Avec une épargne brute qui a progressé de 1,4 milliard d’euros, les communes et les intercommunalités s’en sortent le mieux. La situation des régions se stabilise, avec un léger repli par rapport à 2022. En revanche, les départements ont vu leur épargne se dégrader très fortement, avec un recul de 4,7 milliards d’euros. Leurs finances sont prises en tenailles entre le poids des politiques sociales dont ils ont la charge, par le jeu des transferts de compétences, et la baisse des revenus qu’ils tirent des droits de mutation à titre onéreux (DMTO) sur les transactions immobilières. La dernière loi de finance est venue amortir cette tendance en revalorisant le montant des DMTO, mais la situation des départements reste alarmante.

« La difficulté de contractualiser, c’est qu’il n’y a plus de confiance entre l’Etat et les collectivités »

« Je ne suis pas opposé à ce que les collectivités participent à l’effort de redressement des comptes publics, mais cela doit se faire à un niveau acceptable et sur la base d’un principe de justice territoriale », martèle le sénateur centriste Bernard Delcros, président de la délégation aux collectivités territoriales. « Derrière les moyennes parfois flatteuses, il y a des écarts très importants, à la fois entre les types de collectivités et les territoires où vous n’avez pas les mêmes niveaux de croissance économique et démographique »

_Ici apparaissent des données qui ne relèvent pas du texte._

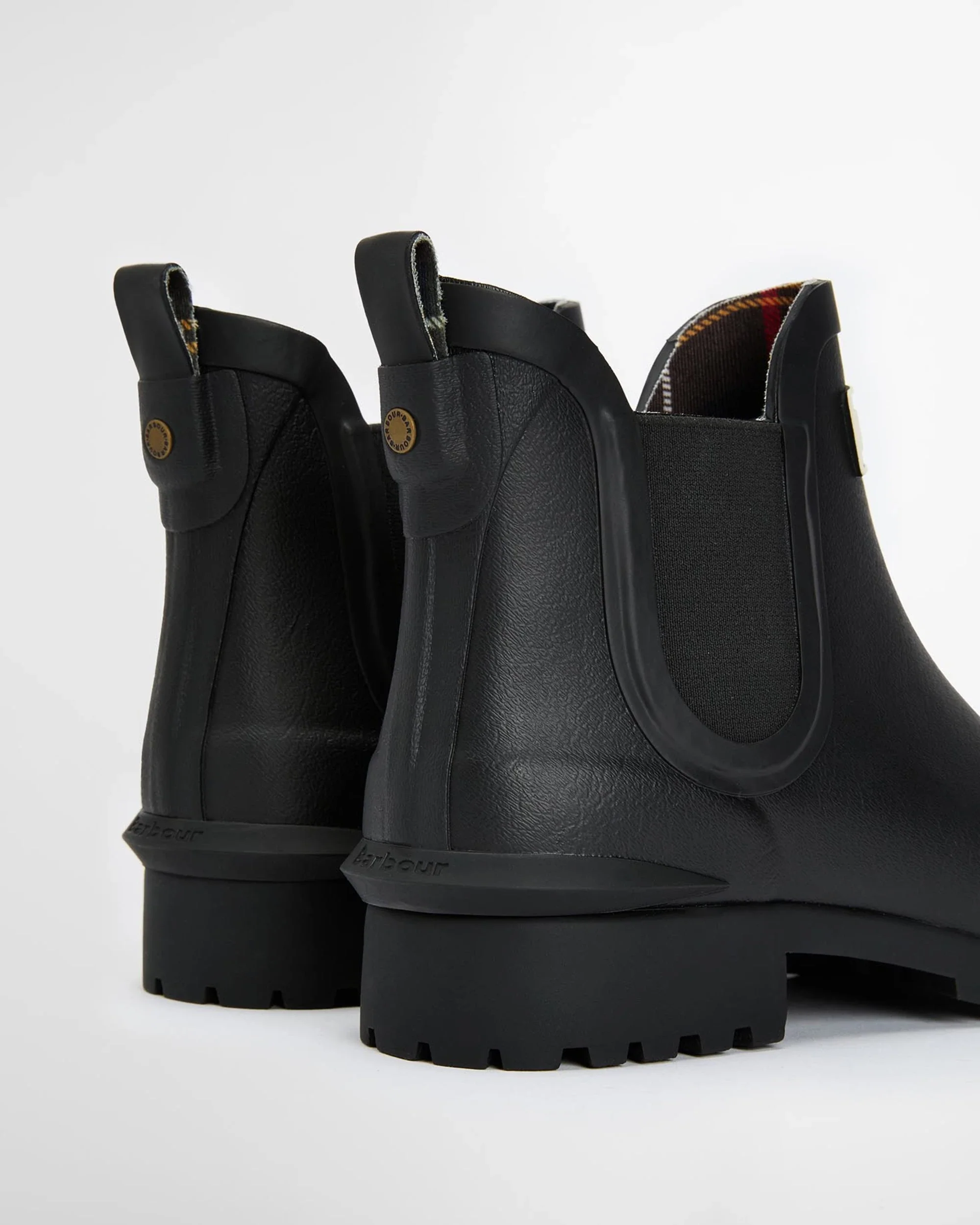 Barbour naisten saappaat, Barbour Wilton Chelsea Welly Musta - Image 4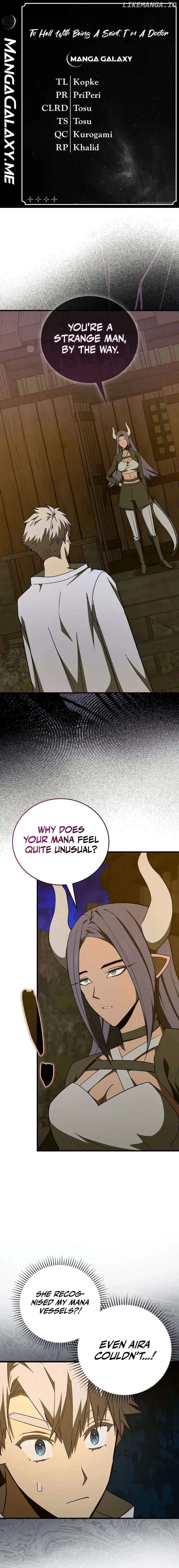 To Hell With Being A Saint I’m A Doctor chapter 90 page 1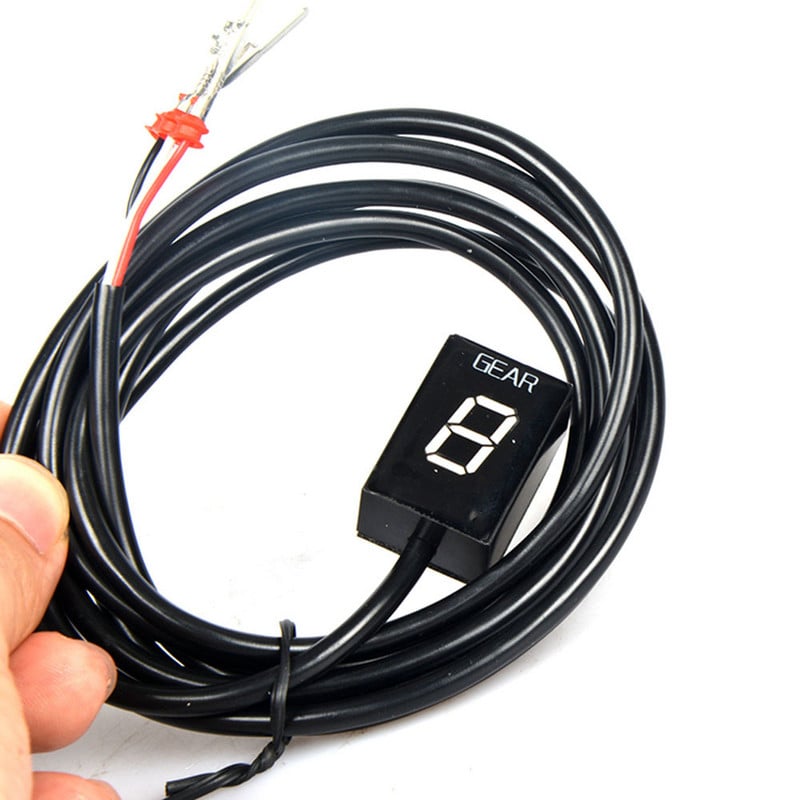 Držiak na riadiacu jednotku motocykla, 6-rýchlostný ukazovateľ prevodového stupňa, úroveň 1-6, vhodný pre Honda CBR600 CRF250 NC700S XL1000V CBR 600 CRF 250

« Le principe d’un contrat ne me choque pas. Nous allons entrer à partir de 2026, dans un nouveau cycle électoral. Si l’on veut donner de la visibilité aux élus – disons au moins sur trois ans – il faudra bien le formaliser d’une manière ou d’une autre », poursuit l’élu. Même prudence du côté de Patrick Kanner, le chef de file des élus socialiste au Palais du Luxembourg. « Je suis favorable à la notion de contrat, à condition que ce ne soit pas un contrat léonin », explique-t-il. « Les contrats de Cahors ne nous ont pas laissé un bon souvenir. »

« Tout dépend de ce qu’on y mettra. Les contrats de type Cahors ressemblaient davantage à une mise sous tutelle. Aujourd’hui, la difficulté de contractualiser, c’est qu’il n’y a plus de confiance entre l’Etat et les collectivités », pointe Stéphane Sautarel. « Pour qu’il y ait du contenu, il faudra au moins y aborder deux sujets : le niveau de dotation et la fiscalité locale », souligne-t-il.

Rétablir un « lien fiscal »

C’est une revendication récurrente du côté des collectivités : la création d’une nouvelle contribution territoriale, qui viendrait notamment participer au financement du bloc communal et amortir la suppression de la taxe d’habitation, dont beaucoup estiment que la compensation par des fractions de TVA n’est pas au niveau. Devant les députés, Amélie de Montchalin s’est dite favorable au rétablissement « d’un lien fiscal entre tous les habitants des communes et les élus ».

Ce sujet pourrait être débattu lors de la prochaine conférence de financement des territoires, qui avait été initialement annoncée pour avril. « Nous avons des solutions à trouver dans l’immédiat pour le budget 2026, sur les ressources, la visibilité et la contribution à la réduction du déficit… La question de la fiscalité locale mérite aussi d’être soulevée, mais ce débat demande plus de temps. Nous n’allons pas mettre sur pied une réforme concertée en trois mois », avertit néanmoins Bernard Delcros.